At morning drop-off , I watch my child's face light up when your son walks in the classroom. At afternoon pick-up, my son walks towards me with shoulders slumped, head hung low, and eyes toward the ground. I ask how his day was and he tells me about his day with your son. He shares how his friend pushed him on the playground or how his friend wasn't nice to him in class. I listen, validate his feelings, and encourage him to use his strong voice to tell his friend how he feels.
I start to pay more attention at drop off and linger in the observation room each morning. From behind the one way glass of the observation room, I have seen my son's smile turn into a look of fear and powerlessness when he is physically overpowered by your son. I begin to arrive early in the afternoon to observe their time on the playground. I see our children's interaction and feel my child's pain. I also see you.
From behind the observation glass I see that same look of powerlessness on your face. The look that speaks I am doing the best I can but my child is not listening and I don't know what else to do. I see you drop your son off each morning and with love you kiss him goodbye. I see his nervous energy or how he clings to your leg sometimes. I see the look of worry and exhaustion on your face. With one child on your hip and your son clinging to your leg. I see your apprehension as you leave the room.
I see it because I know the look well as I have looked that way too. The exhaustion from transitioning from one child to two. The worry about if your son will have a good day. The apprehension you feel walking away and leaving him without your help and supervision. I see you because I am you. We are the same. We love our boys and want to help them through whatever tough time they are having.

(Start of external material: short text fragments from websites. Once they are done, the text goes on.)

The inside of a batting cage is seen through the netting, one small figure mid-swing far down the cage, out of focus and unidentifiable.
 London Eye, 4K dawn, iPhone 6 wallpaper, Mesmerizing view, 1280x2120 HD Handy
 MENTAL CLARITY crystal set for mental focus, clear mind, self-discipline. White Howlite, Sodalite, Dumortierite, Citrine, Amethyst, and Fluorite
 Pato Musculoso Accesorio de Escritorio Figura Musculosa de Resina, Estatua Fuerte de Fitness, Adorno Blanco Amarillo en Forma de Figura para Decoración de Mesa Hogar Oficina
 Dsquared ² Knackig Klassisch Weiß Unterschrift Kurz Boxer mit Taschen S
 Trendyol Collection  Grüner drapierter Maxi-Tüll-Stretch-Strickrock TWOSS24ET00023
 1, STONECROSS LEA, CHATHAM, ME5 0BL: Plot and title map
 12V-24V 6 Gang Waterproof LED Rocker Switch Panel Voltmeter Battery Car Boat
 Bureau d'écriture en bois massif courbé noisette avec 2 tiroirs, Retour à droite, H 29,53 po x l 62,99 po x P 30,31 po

Whether the tough time is causing our child to act out behaviorally or whether the tough time is teaching our child how to assert himself when he is being mistreated. Each child is struggling and we want to fix their hurt. We want to understand them, teach them, and hope they make the choices we have instilled in them.
You see, you and I are the same. We want the same things. You and I are on the same team. We both want our boys to have friendships that are joyful, safe, and fun. We want them to have positive and appropriate social interactions with their peers. You want that for your son and I want that for mine. We want them to have this between each other. I believe you want that for your son and I hope you can believe me when I say that I want that for your son as well. I truly believe that each of us (child or adult) is doing the best we can with who we are and the resources we have in any given moment. Sometimes we just need a little extra time, resources, or help. It is okay to need that and it is okay to ask for it.
My fellow momma, I know our kids are doing the best they can in this moment. I know we are doing the best we can in this moment. I also know that our boys need our help. They need more time, tools, and resources. Which means we need each other's help. I need you and you need me. It's okay for us to need each other in order to help our boys. We are the same remember and we are in this together.
Now, what do you need from me? How can I help?